ST. LOUIS — The January/February issue of Review, the Federal Reserve Bank of St. Louis' journal of economic and business issues, features the following articles. The publication is also available on the St. Louis Fed's web site:

  • "The Evolution of the Subprime Mortgage Market." Subprime lending has introduced a substantial amount of "risk-based" pricing into the mortgage market by creating numerous prices and product choices, most of which are largely determined by a borrower's credit history and down payment requirements. Economists Souphala Chomsisengphet and Anthony Pennington-Cross examine the history of subprime lending and how it has evolved over time. They find that much of the growth of subprime lending, at least in the securitized part of the market, has come in the least-risky segment. In addition, lenders have imposed prepayment penalties to extend the duration of the loans and required larger down payments to lower their credit-risk exposure from high-risk loans.
  • "On the Size and Growth of Government." The size of the U.S. federal government, as well as state and local governments, increased dramatically during the 20th century. Economists Thomas A. Garrett and Russell M. Rhine describe the two theories about this growth: citizen-over-state and state-over-citizen. The former suggests that citizens demand government programs, and the government simply responds to meet those demands. The theory of state-over-citizen suggests that the size of government is independent from citizens' demands, and government grows because of inherent inefficiencies in public sector activities and incentives facing government bureaucrats. Garrett and Rhine conclude that portions of each theory can probably explain government size and growth, but the challenge remains to develop a single, unifying theory.

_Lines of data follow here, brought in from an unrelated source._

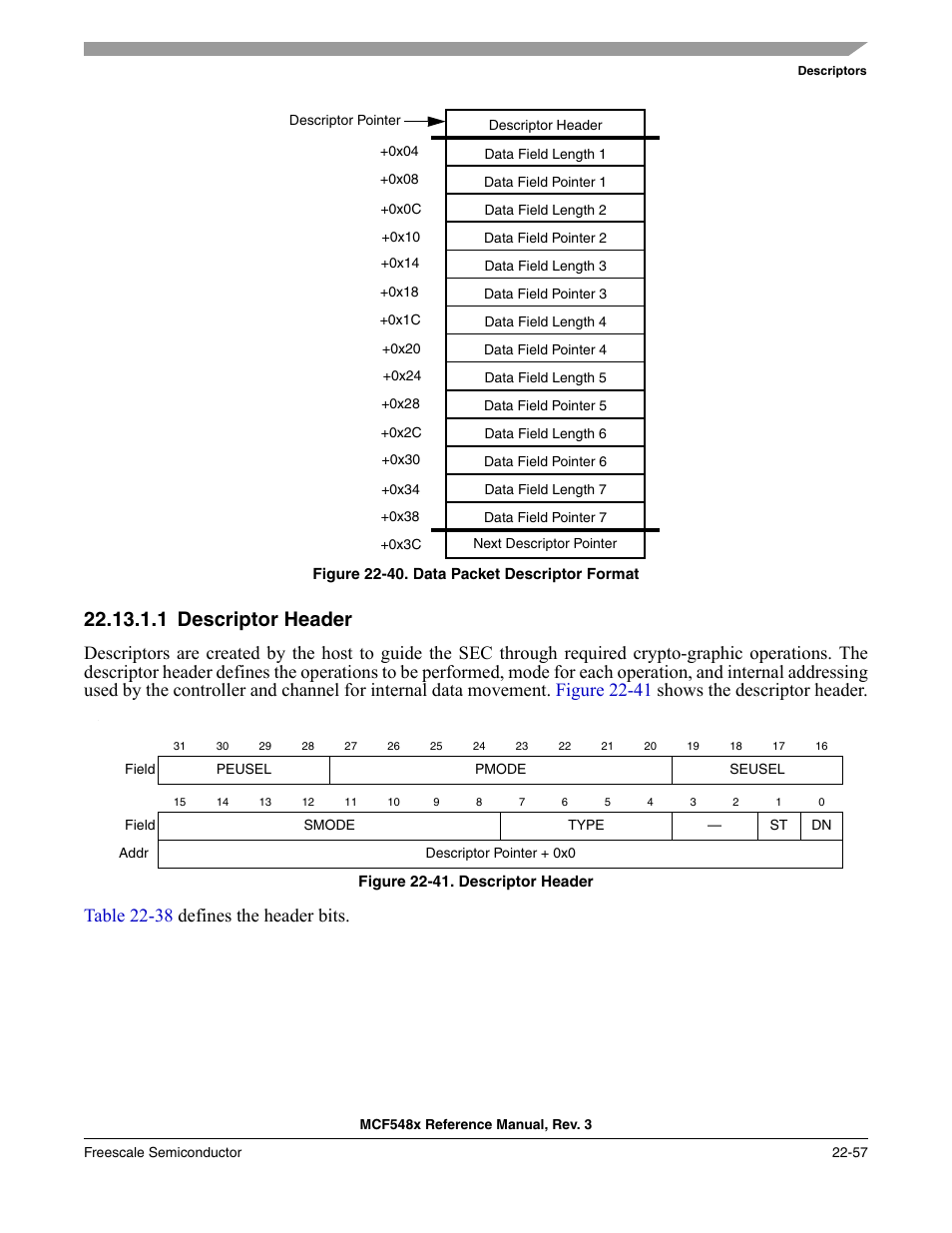 1 descriptor header, Descriptor header -57, Table 22-38 defines the header bits | Freescale Semiconductor MCF5480 User Manual | Page 659 / 1032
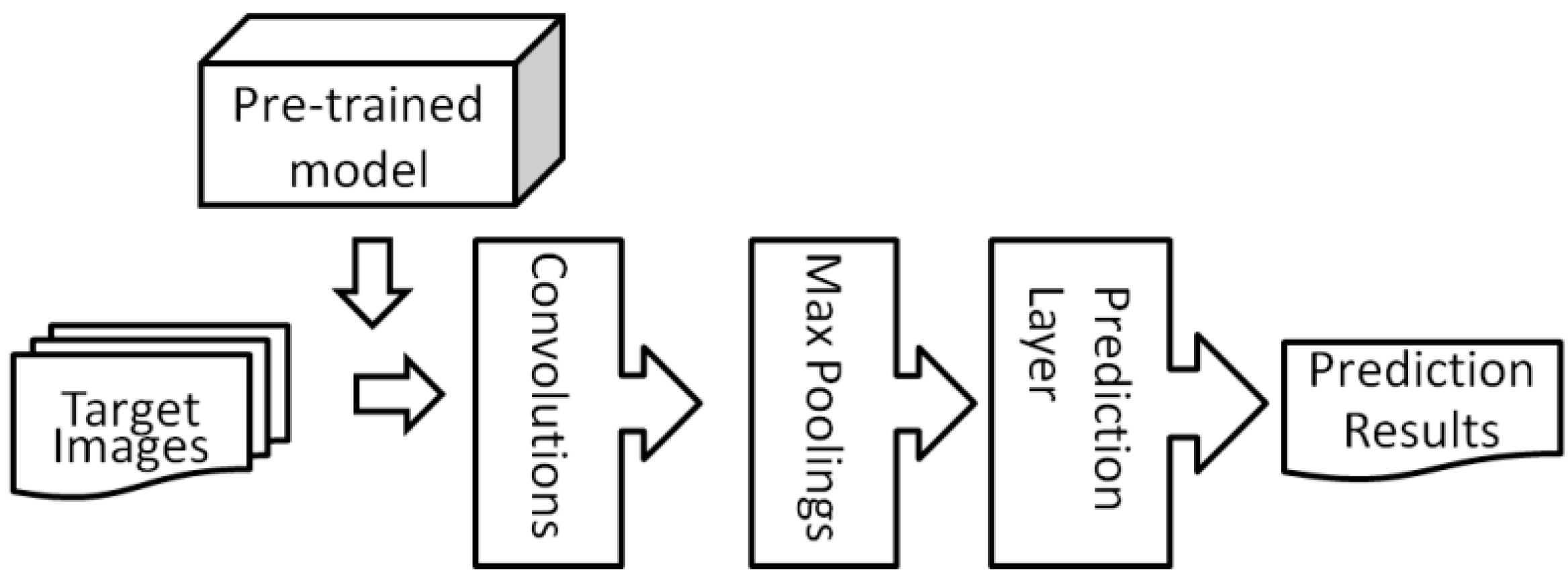 Applsci 11 08485 g008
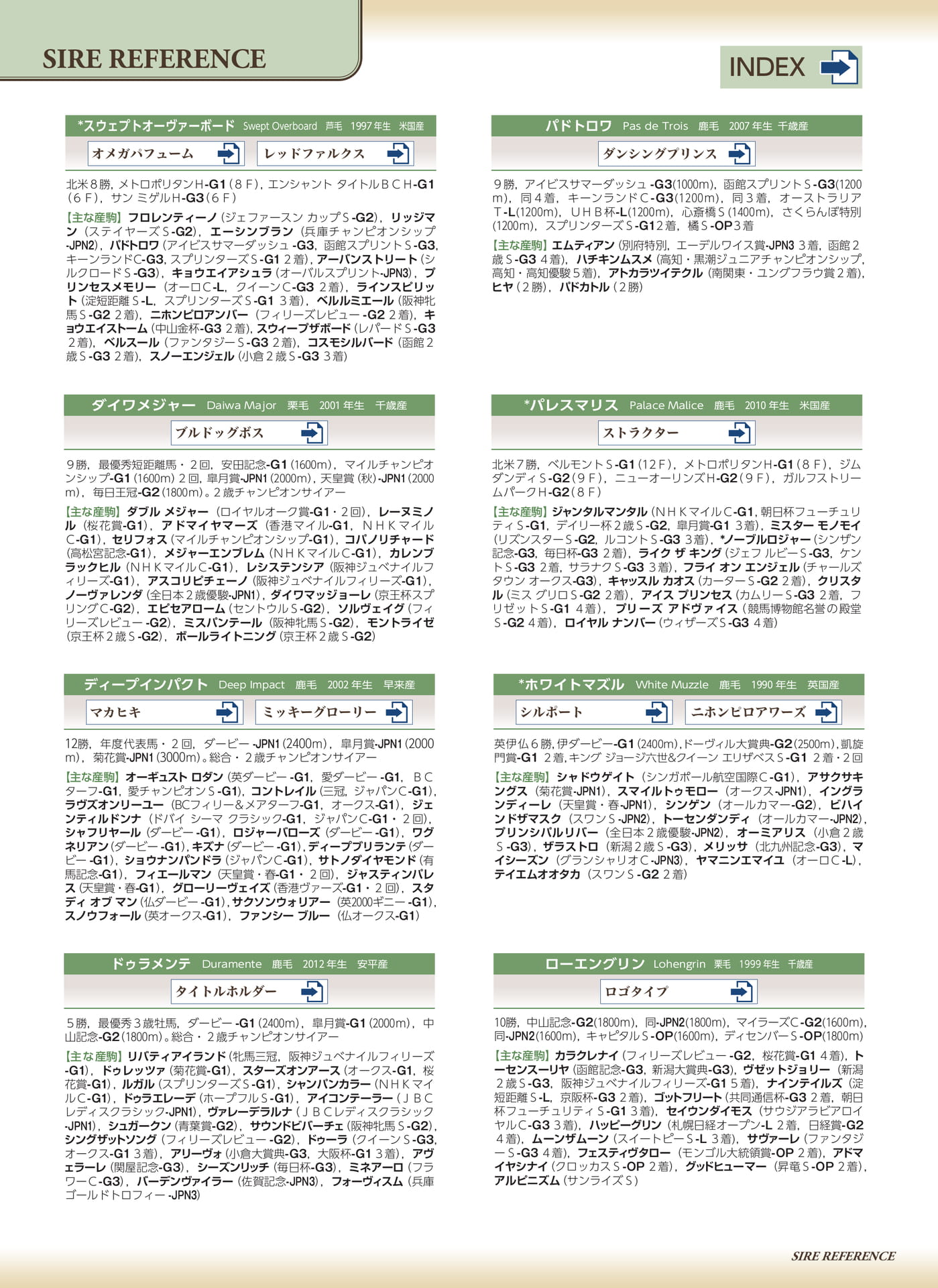 Page 63(63ページ目)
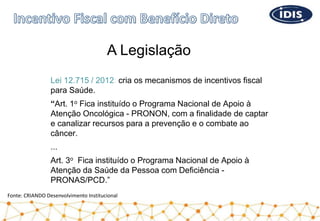 Lei 12.715 / 2012: cria os mecanismos de incentivos fiscal
para Saúde.
“Art. 1o Fica instituído o Programa Nacional de Apoio à
Atenção Oncológica - PRONON, com a finalidade de captar
e canalizar recursos para a prevenção e o combate ao
câncer.
...
Art. 3o Fica instituído o Programa Nacional de Apoio à
Atenção da Saúde da Pessoa com Deficiência -
PRONAS/PCD.”
A Legislação
Fonte: CRIANDO Desenvolvimento Institucional
 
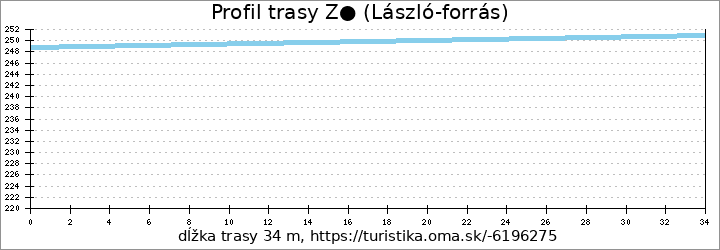 profil trasy Z● (László-forrás)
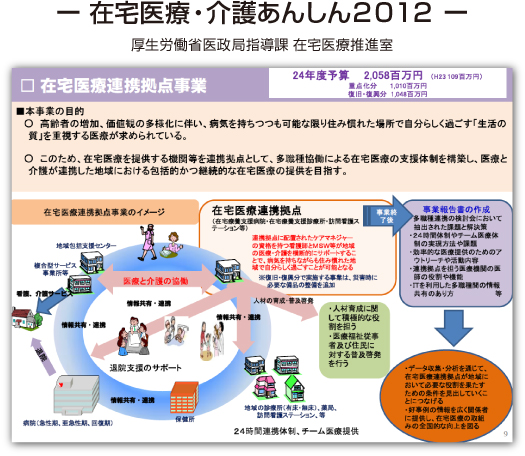 -在宅医療・介護あんしん2012- 厚生労働省医政局指導課 在宅医療推進室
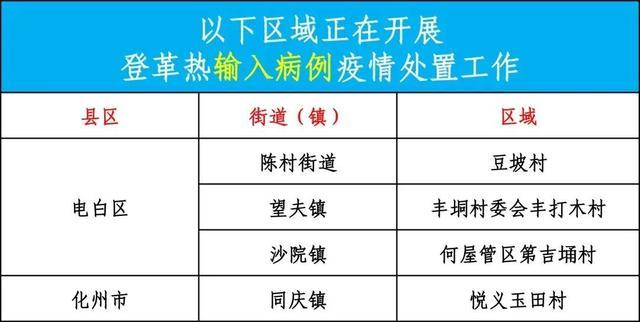 广东已报告登革热本地病例 多地区发布防范警示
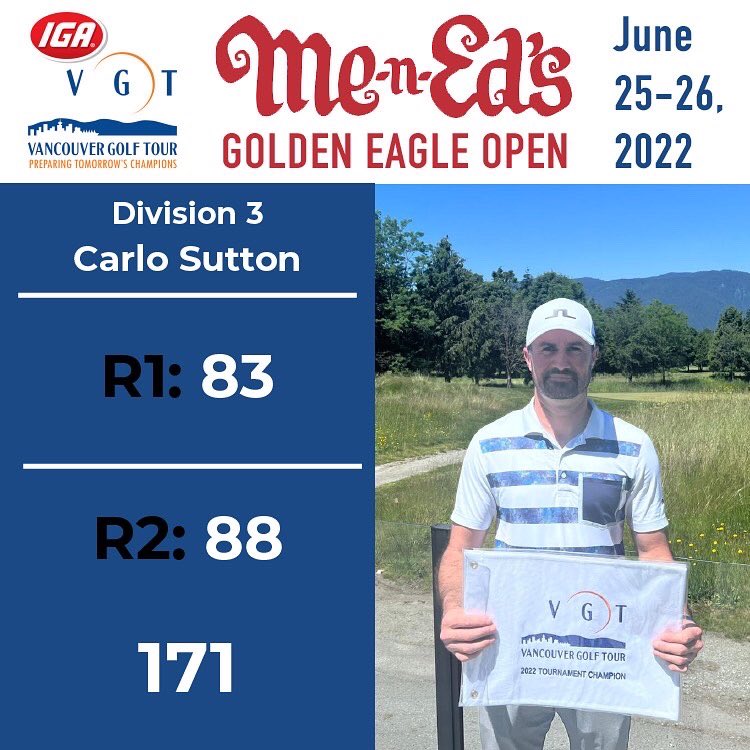 VanGolfTour's tweet photo. Congratulations to the winners of 2022 @EdsPizzaParlors @GoldenEagleGolf Open! 🏆 

A big thank you to all the VGT staff, sponsors &amp; players for supporting this fun event! To see the full leaderboard, visit https://t.co/e19FLX2JjQ.

@IGAstoresBC @srixongolf #VanGolfTour #winner https://t.co/JvKxVkBHfw
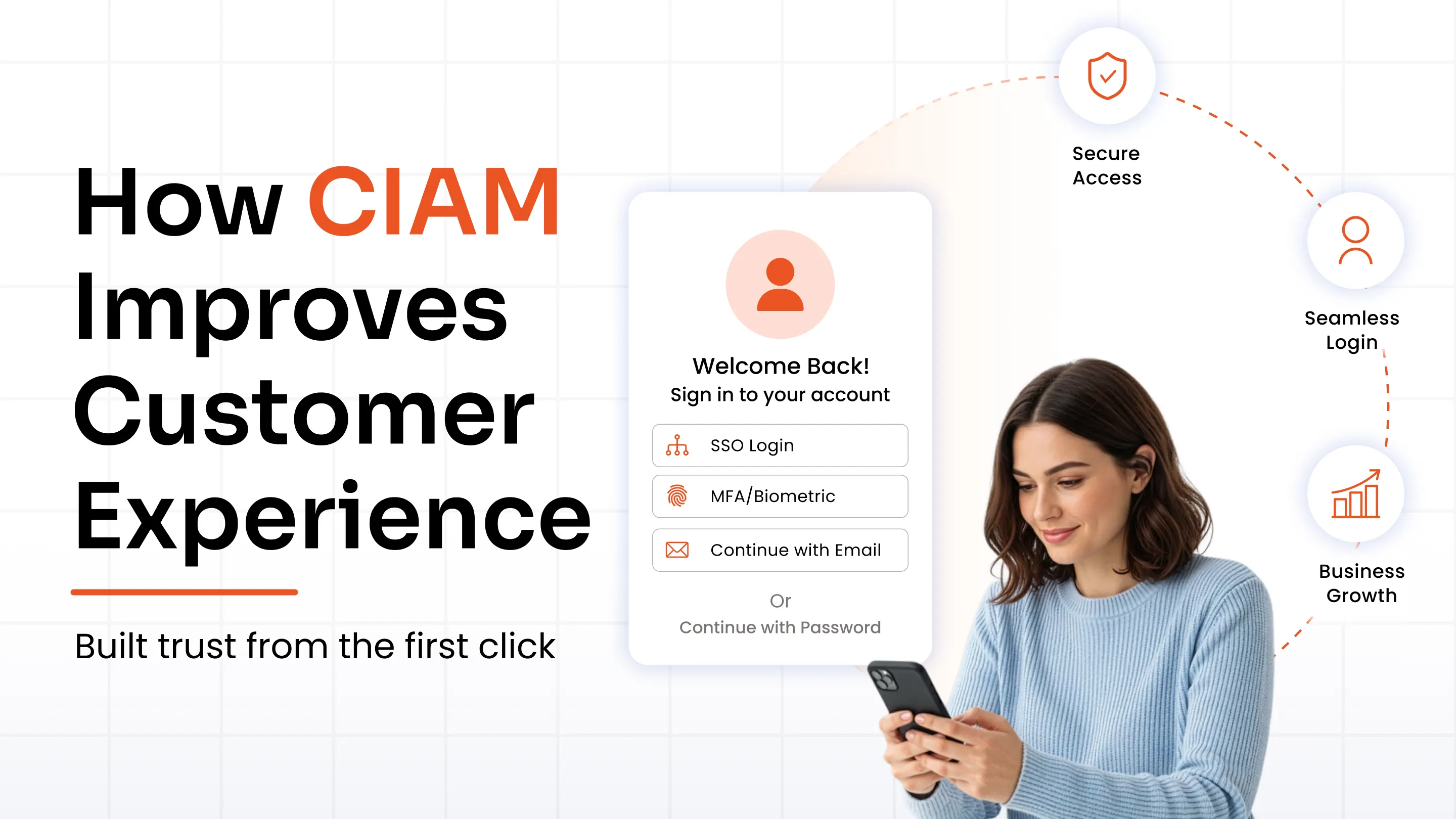 How CIAM Improves Customer Experience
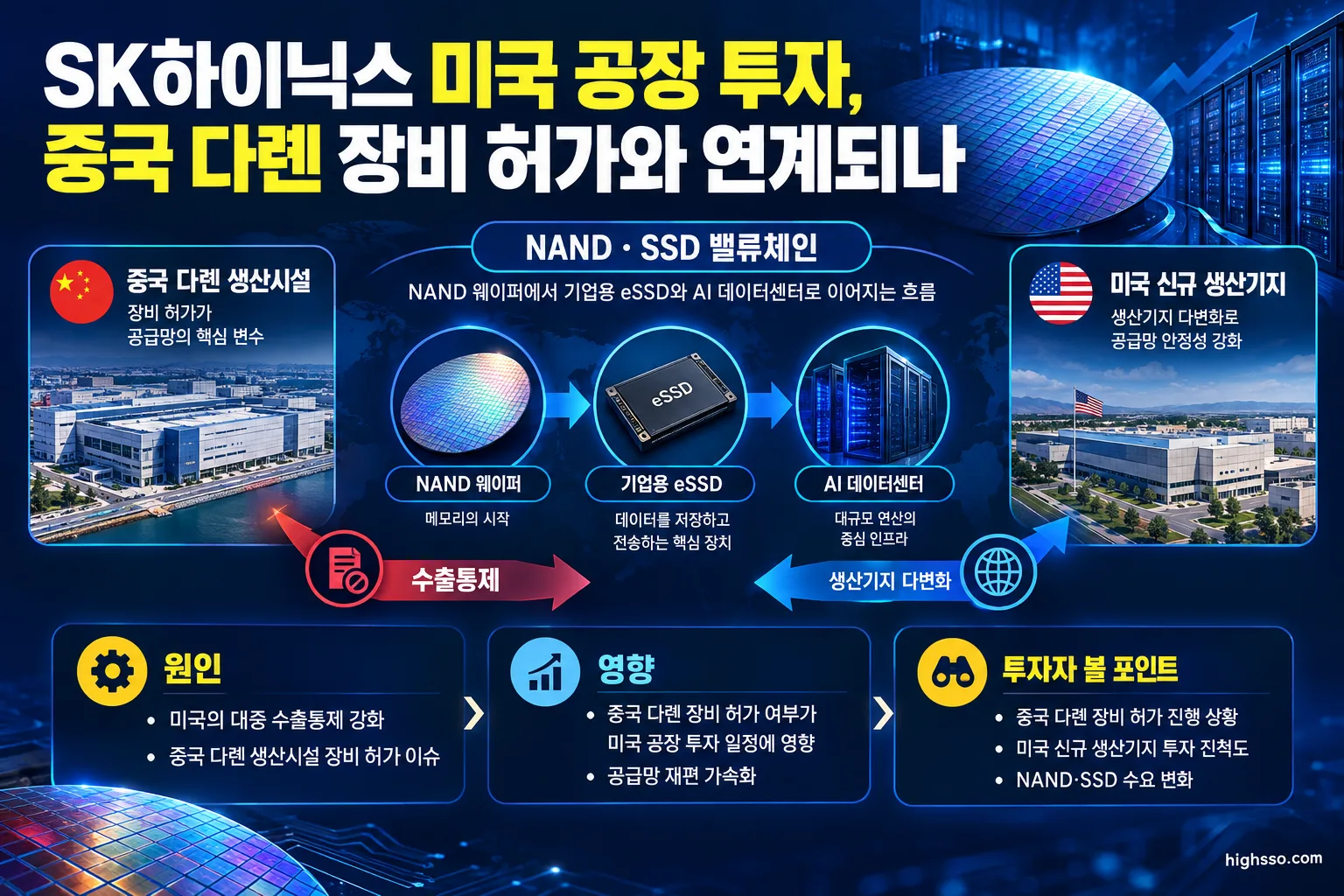NAND 생산에서 AI 데이터센터용 기업용 SSD로 이어지는 밸류체인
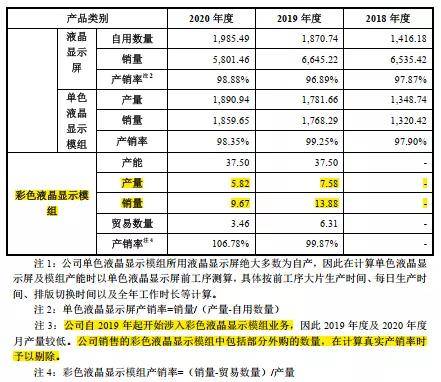 密封科技有限公司财务报表 3f2c9cd59f364c8cbb454d57e9665433.jpeg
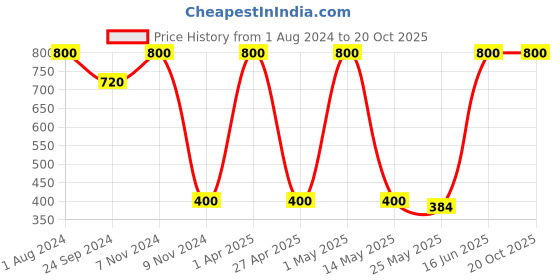 myntra.com Maryaj Buy Love Unscripted 50ml & Get Maybe Someday 8ml Free Long Lasting Eau De Parfum maryaj Price History Graph from 1 Aug 2024 to 20 Oct 2025
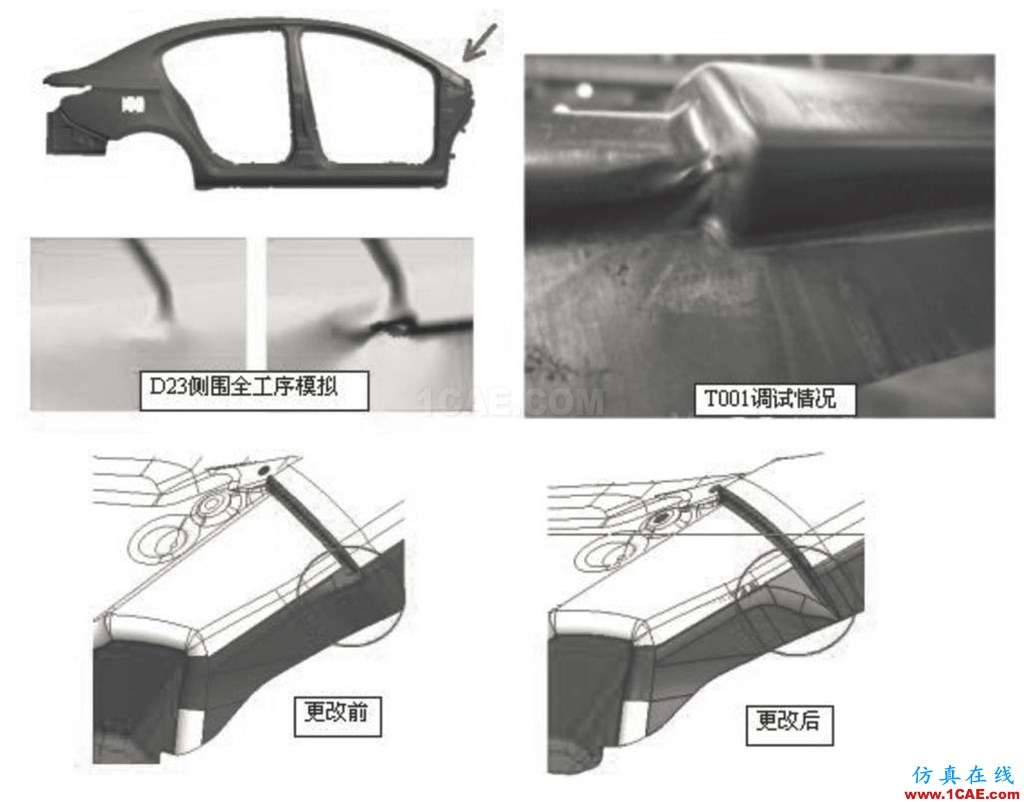 模具技術分享 | Autoform汽車覆蓋件模具全工序沖壓模擬技術開發(fā)與應用autoform培訓課程圖片3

  • "Are the Causes of Bank Distress Changing? Can Researchers Keep Up?" Since 1990, the banking sector has experienced enormous legislative, technological and financial changes, yet research into the causes of bank distress has lagged. One consequence of this is that traditional supervisory surveillance models may not capture important risks inherent in the current banking environment. Economists Thomas B. King, Daniel A. Nuxoll and Timothy J. Yeager review the history of these models. They provide empirical evidence that the characteristics of failing banks have changed in the past 10 years and argue that the time is right for new research that employs new empirical techniques. King, Nuxoll and Yeager offer several examples of a new generation of "early-warning" models that are not yet widely known among academic banking economists.
  • "Replicability, Real-Time Data, and the Science of Economic Research: FRED®, ALFRED® and VDC." Economist Richard G. Anderson explores the linkages between to recent themes in economic research: "real-time" data and replication. These two themes share many of the same ideas, namely that scientific research itself has a time dimension. Both real-time and replication studies require specialized datasets, and the article discusses two ongoing St. Louis Fed projects—FRASER® and ALFRED—that will make large amounts of such historical data available on the Internet. The article also compares and contrasts these projects with Harvard University's Virtual Data Center (VDC) project.
  • "The Fed's Monetary Policy Rule." This is a reprint of a speech by William Poole, the president of the Federal Reserve Bank of St. Louis, which he delivered at the Cato Institute in Washington, D.C., on Oct. 14, 2005.